Search code examples
regexnotepad++

Remove lines that do not contain certain domains


I would like to keep only the lines that contain one of those domains: .eu, .net, .be, .ru, .com

Please use the following list of domains as example:

example1B.com
example2F.org
exampleW3.ru
exampleHD.net
exampleC3.com
exampleVS.eu
example3Z.com
exampleC4.be
exampleC4.cz
exampleC1.org
exampleC2.be
exampleC3.xyz
exampleC5.shop
exampleC6.be
exampleC7.club
exampleC8.be
exampleC9.be
exampleC11.be

Solution

  • So you need to find lines that do NOT end with a certain string. That means a negative look-behind.

    But Notepad++ doesn't allow variable-length negative look-behinds (https://stackoverflow.com/a/17287598/2193968)

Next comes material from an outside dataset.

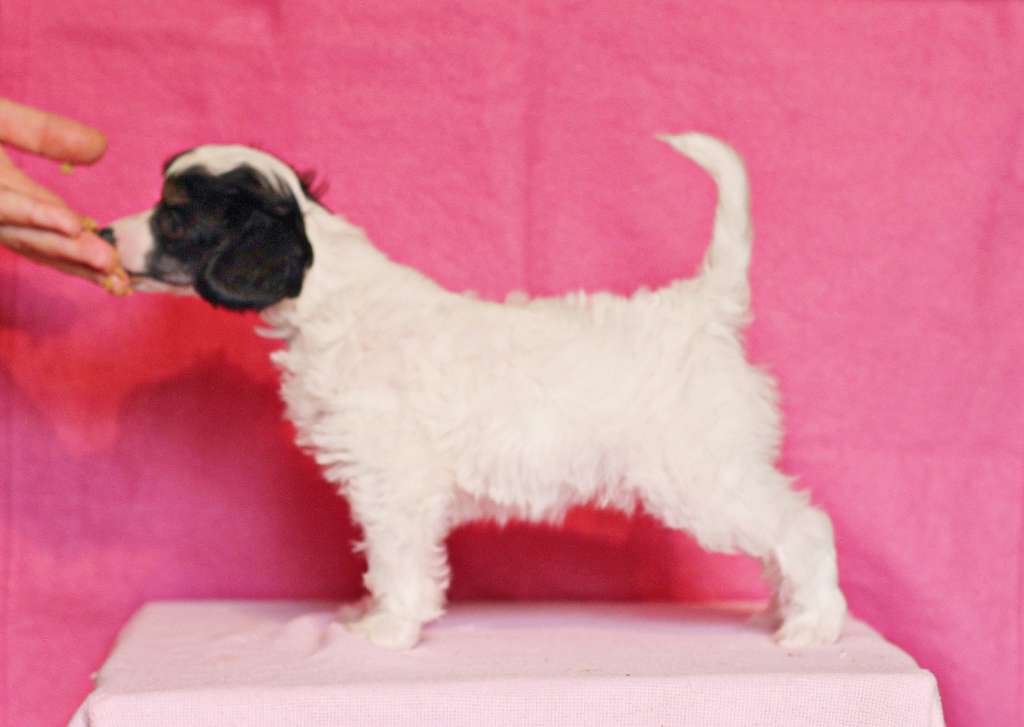 Lilla Wanillas Evermore Lilith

    So that means the regex we use will need more than one negative look-behind:

    ^.*$(?<!\.eu)(?<!\.net)(?<!\.be)(?<!\.ru)(?<!\.com)\r?\n
    

    So this says: match any line containing any text (including the end-of-line characters) that doesn't end with:

    • .eu
    • .net
    • .be
    • .ru
    • .com

    So then, if you replace the results of that regex with nothing, then the lines that match the regex will be deleted.